You'll need to the system setup with VirtualBox, VMware, and libvirt (ignoring the other 3 providers for now). The build robots run CentOS 7

I'm confused on this point. What's the bare-metal OS that needs to be installed?

ladar commented 2 years ago

I believe they are Intel Xeon E5 2620 v2

Hi @VincentSaelzler those processor should be just fine. Most of my rackmount servers use the same, although the blade servers I actually use to build the images are the generation prior to those. One technical note, you'll need to make sure you have the appropriate virtualization extensions enabled in the BIOS. There were a couple of settings in the OM manager as well which control cooling, power and performance priorities, which will impact performance. But the virtualization extensions are the most important.

It will either be a RAID 0 of ~3 SSDs or ~8 HDDs.

Virtual machines, and database servers both generation workloads made up almost entirely of random access reads. Traditional spinning disks require the platter and head to move, which means there is a seek time. SSDs generally have a seek time 0ms. So for this type of workload, having the virtual disk on an SSD will make a huge difference. The tradeoff is that building and testing the box images will generate an enormous amount of ephemeral data. This can wear out an SSD, bu the good news is that a failure shouldn't slow you down much, provided you can rebuild the config. That's where the name "Robot Boxes" or "Roboxes" comes from. A cluster of disposable, interchanges servers that can function as robotic build bots.

I rely heavily on Ansible. My main goal in terms of involvement with the project is to reliably set up a server that can run the tests! Just as an FYI, the config will be added to my existing homelab repo.

I've run across Ansible, mostly reverse engineering configs so I could replicate the important pieces elsewhere without the dependency. But whatever works best for you.
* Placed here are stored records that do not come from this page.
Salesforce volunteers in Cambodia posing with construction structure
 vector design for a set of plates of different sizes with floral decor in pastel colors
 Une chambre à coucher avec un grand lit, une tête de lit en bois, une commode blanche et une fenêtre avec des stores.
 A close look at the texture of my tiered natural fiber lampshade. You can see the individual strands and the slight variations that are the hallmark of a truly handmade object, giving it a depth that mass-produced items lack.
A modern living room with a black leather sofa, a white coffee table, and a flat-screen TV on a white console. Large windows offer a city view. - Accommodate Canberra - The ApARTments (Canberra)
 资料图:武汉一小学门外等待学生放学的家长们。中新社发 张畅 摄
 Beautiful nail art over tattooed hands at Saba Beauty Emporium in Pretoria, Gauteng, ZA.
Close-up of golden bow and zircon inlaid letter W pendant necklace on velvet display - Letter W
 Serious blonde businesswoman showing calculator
I think the short term goal is to begin testing the boxes for each consecutive release, so we can figure out if any of the failures are consistent, and need to be investigated, or it's just a release specific fault that occurred randomly during the build process, and wasn't caught by config modules (scripts). Those are less pressing in my view.

Long term, the key will be managing the workflow, more than the server configurations. And expanding the unit tests beyond just making sure vagrant ssh works. I don't know what qualifies a Vagrant box image as being ideal, but we part of the process will be figuring that out, and testing for it.

I'm confused on this point. What's the bare-metal OS that needs to be installed?

The bare metal shouldn't matter. What matters is whether the provider (VirtualBox, VMware, etc) runs on that OS, and whether vagrant supports it. The reason I emphasized that the robots I'm using are CentOS 7, is because that's what is used to build the boxes(for 4 out of 6 platforms) which means the box worked, at least during the build phase. It's also the OS I've used the most to test the resulting images. There have been sporadic reports of issues the farther you go from that baseline. For example Gentoo/Arch tend to have bleeding edge versions of QEMU/libvirt which can cause problems. With MacOS the vagrant-libvirt plugin isn't fully supported yet, not to mention the variety of other issues. Windows is, well Windows. You can go back and read some of the open/closed issues to get an idea of what people have reported on GH. But know it's only a small fraction of what I've been told about elsewhere, or run into myself.

I think eventually, the ability to test the box files across a variety of different OS platforms would be great. But we have to start somewhere before we look at that issue.

ladar commented 1 year ago

@VincentSaelzler haven't heard anything on this in awhile, so closing the issue.